THE PROBLEM:
Set out exactly, and only, the lines running from the one containing "сепаратор воздух-масло MANN-FILTER" to the bottom of the listing below; pictures stay out.

COLLECTED MATERIAL:
· · · · ·

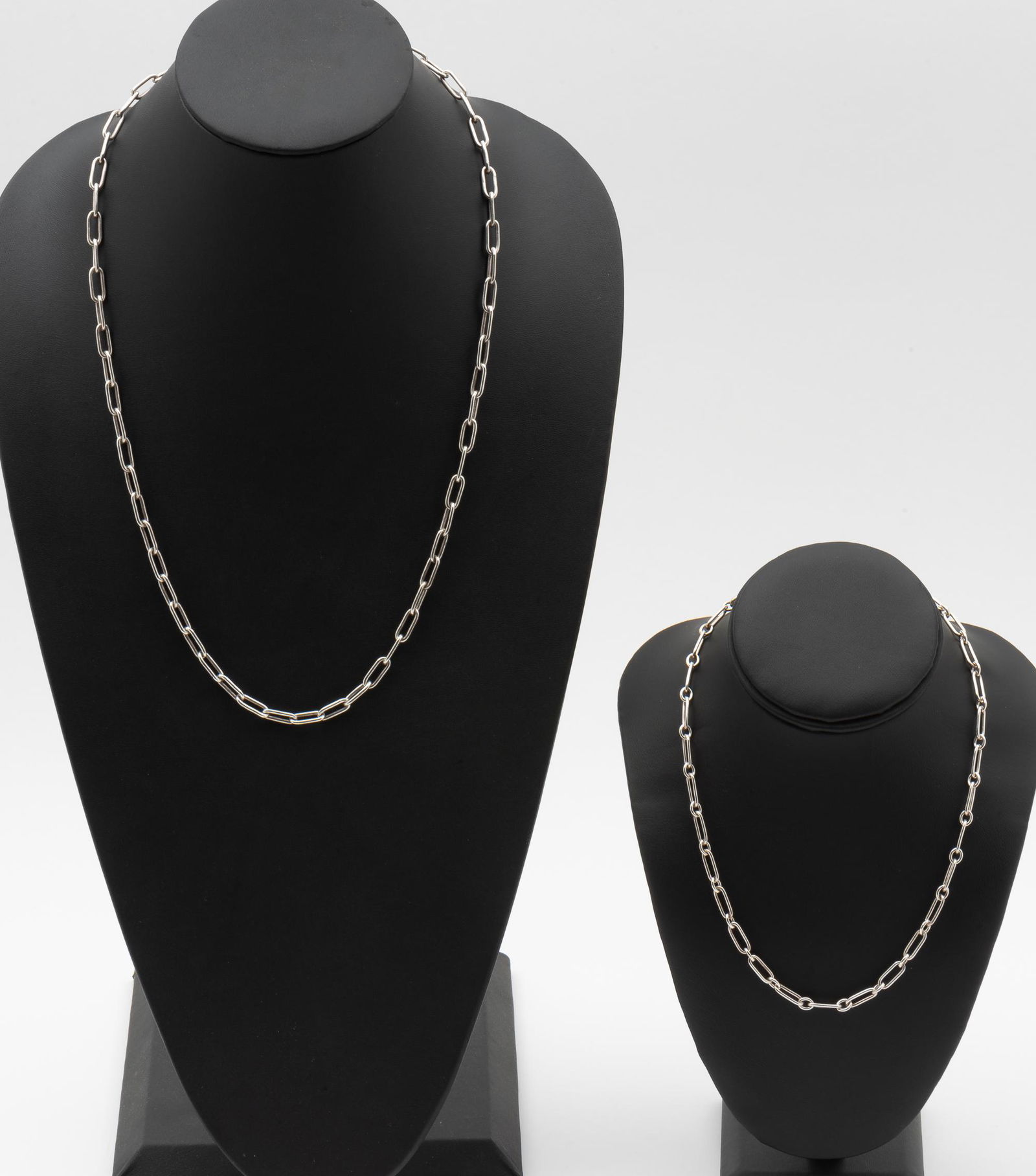 2 Sterling Chain Necklaces (1 of 9)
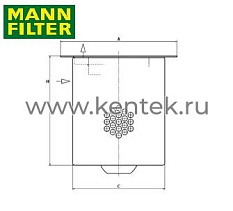 сепаратор воздух-масло MANN-FILTER LE13006 MANN-FILTER  - фото, характеристики, описание.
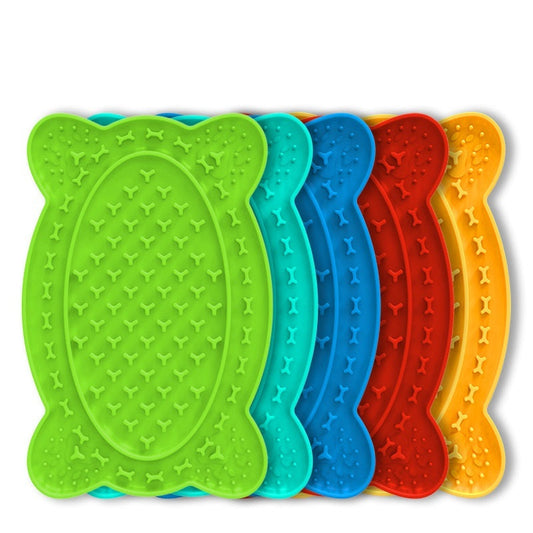JMT-487178 Silicone Dog Licking Pad for Slow Feeding and Stress Relief - BPA-Free Pet Placemat 196*127*13mm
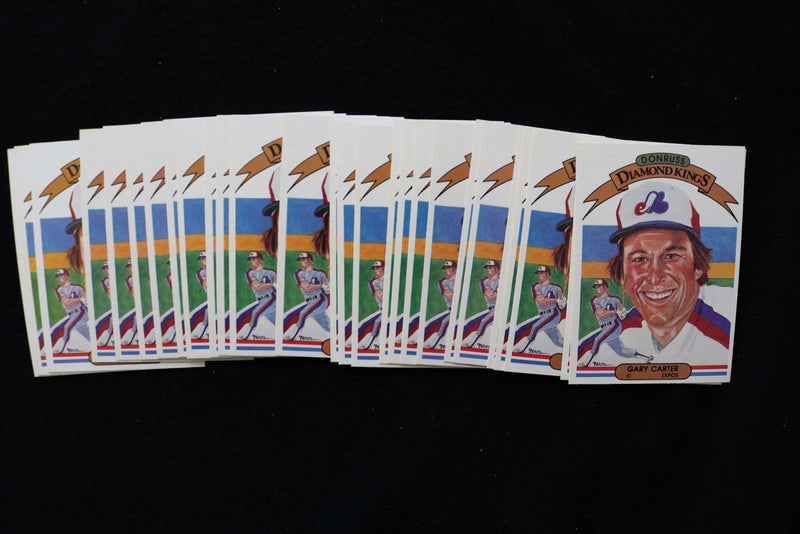 GARY CARTER 1982 DONRUSS DIAMOND KINGS BASEBALL CARDS-#2- NM-MT - LOT OF 27- #15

· · · · ·

SOLUTION TO THE EXERCISE:
 сепаратор воздух-масло MANN-FILTER LE13006 MANN-FILTER  - фото, характеристики, описание.
JMT-487178 Silicone Dog Licking Pad for Slow Feeding and Stress Relief - BPA-Free Pet Placemat 196*127*13mm
 GARY CARTER 1982 DONRUSS DIAMOND KINGS BASEBALL CARDS-#2- NM-MT - LOT OF 27- #15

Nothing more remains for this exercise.